# Mortgage rates



## sagsal (Apr 7, 2009)

So bond yields continue to plummet - would love to hear thoughts from the experts on how low they think rates will go and when the banks are going to start announcing

Thanks


----------



## crazyjackcsa (Aug 8, 2010)

They won't, the banks will just pocket the increasing spread.


----------



## Jungle (Feb 17, 2010)

Sure? Industrial alliance is offering 2.84 % on 5 year fixed. That is insane. 
Also our rate hold from Scotia went from 3.29% to 3.09%, 5 year fixed. The is too much competition for banks not to lower rate. All it takes is one lender to lower rates and others lose market share by not following.


----------



## sagsal (Apr 7, 2009)

That is insane! Did you get that through a broker

I have a 10 year 3.79 on hold till september but if I could get a 5 year well below 3 I would take it in a second


----------



## Jungle (Feb 17, 2010)

Well bond yields died again today, if this keeps up we should see sub 2.99% from big 5 again. But they won't be putting ads in news papers for this, Jim Fatherly got mad when BMO did this last time. Apparently Canadians don't need encouragement for more cheap debt.


----------



## GeniusBoy27 (Jun 11, 2010)

Jungle -- where did you get the 2.84% on the 5 year-fixed?


----------



## The Happy Wanderer (May 7, 2009)

Interest rates won't go any lower, and in some cases like the USA they can't go any lower. Just a few months ago the interest rate on my line of credit jumped from 5.75% to 8.5%. Luckily I no longer carry a balance. Banks aren't in the business to help the consumer save money. 

Interest rates have only one direction they can go, and that is up. If you consider interest rates tend to go in cycles. We have been in a down cycle for interest rates for many years. The Feds are going to have to start raising interest rates sooner or later to stave off inflation. But the global economies are still in a very fragile state and to raise interest rates too fast too soon will only inhibit growth. It is a tough balancing act. 

In the short term, interest rates will stay where they are. By end of next year I expect to see them increase.


----------



## Jungle (Feb 17, 2010)

Sorry for the late reply, the rate mentioned above was posted on RFD mortgage rates thread, from a broker that I have spoken to before. If you are interested, I can try and find the thread and you can pm him.

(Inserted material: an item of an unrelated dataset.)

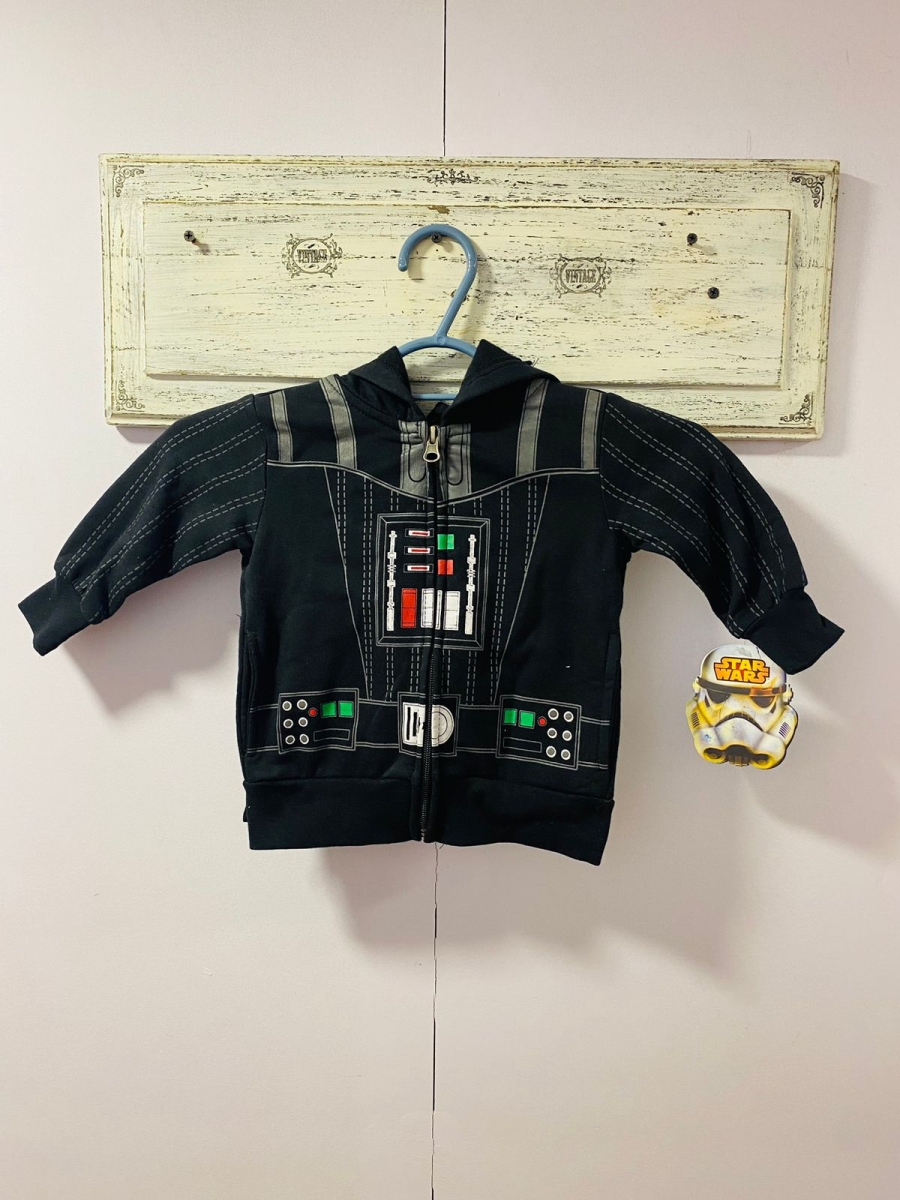 Poleron Star Wars para niño color negro con diseño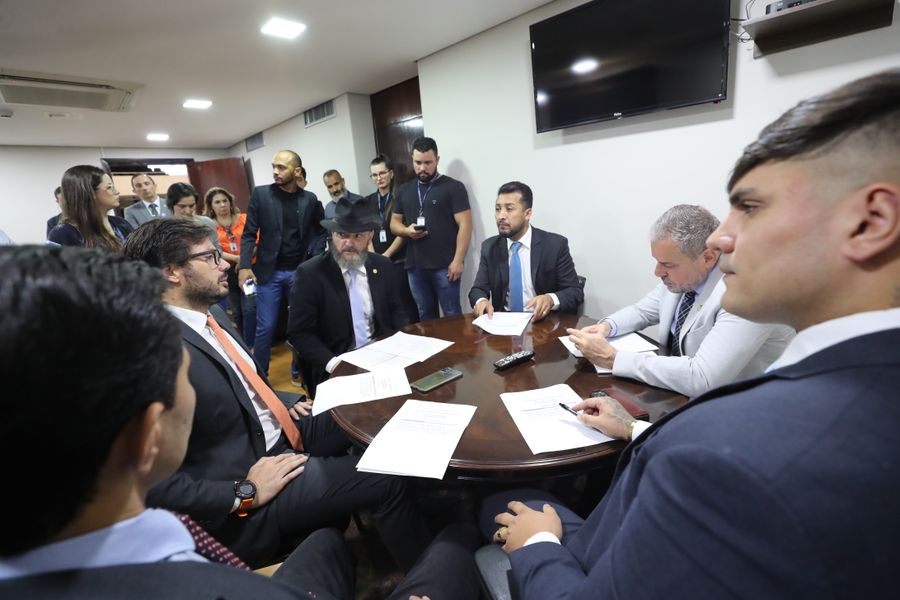 com seg pub reunião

I believe it was with Industrial Alliance. Probably a no-frills mortgage, but crazy cheap 2.84% five years. That's cheaper than historical inflation, lol


----------



## Jungle (Feb 17, 2010)

http://forums.redflagdeals.com/official-mortgage-rates-thread-351105/414/#post14809133

There it is.. but I doubt it's still around, that was posted May 28. I posted it above on May 31. Now bond yields have come up again in the last three days, it might be gone now.


----------



## sharbit (Apr 26, 2012)

5yr note at 1.28%, with the overnight rate at 1%, that's absolutely amazing.


----------